(INFORMATION PROVIDED Opens)

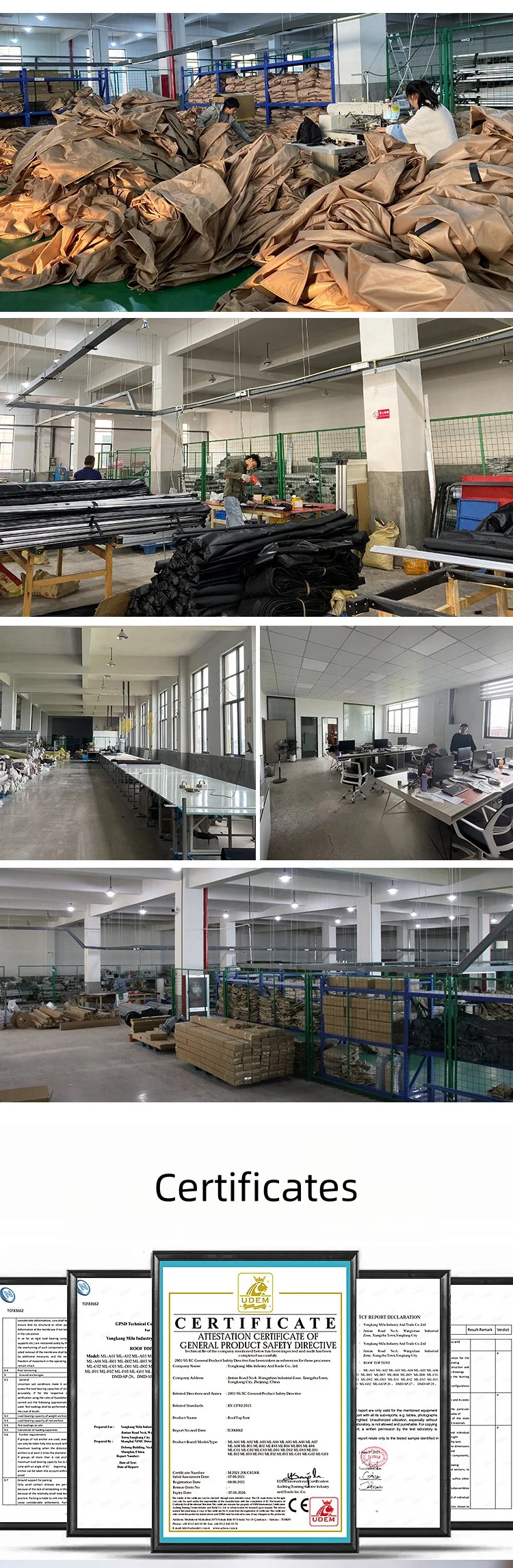 4 Person ABS Hard Shell Roof Top Tent with Waterproof >3000 mm and 280G Polyester Cloth for Outdoor Camping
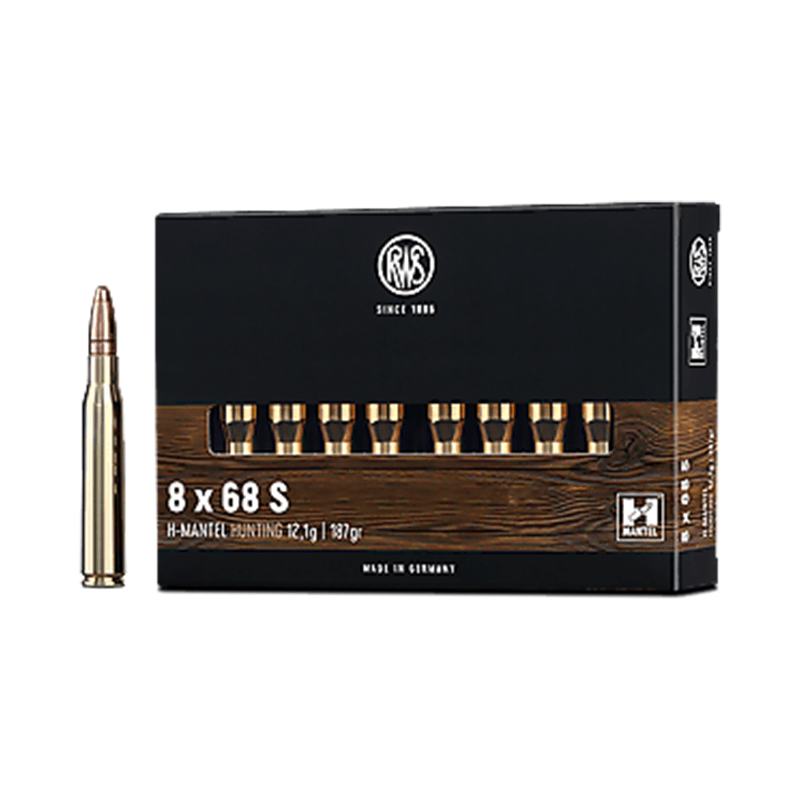 Imagem de Mun. RWS 8x68S HMK 12,1g/187grs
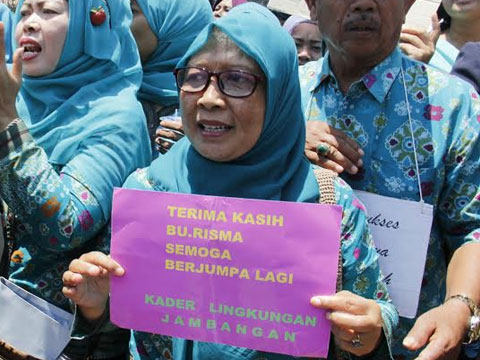 Aksi Simpatik untuk Bu Risma – Suara Surabaya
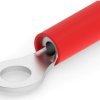 Insulated ring cable lug, 0.5-0.6 mm², AWG 20, 4.34 mm, M4, red, 1-320551-3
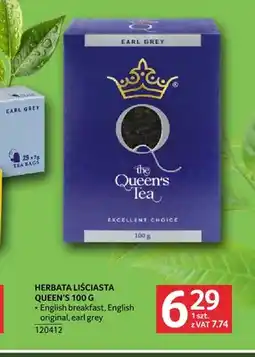 Selgros Herbata liściasta Queen's English breakfast oferta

(INFORMATION PROVIDED Closes)

* **WHAT IS EXPECTED**
What you return must match the material above exactly, minus its pictures.

* **WRITTEN SOLUTION**
 4 Person ABS Hard Shell Roof Top Tent with Waterproof >3000 mm and 280G Polyester Cloth for Outdoor Camping
 Imagem de Mun. RWS 8x68S HMK 12,1g/187grs
 Aksi Simpatik untuk Bu Risma – Suara Surabaya
 Insulated ring cable lug, 0.5-0.6 mm², AWG 20, 4.34 mm, M4, red, 1-320551-3
 Selgros Herbata liściasta Queen's English breakfast oferta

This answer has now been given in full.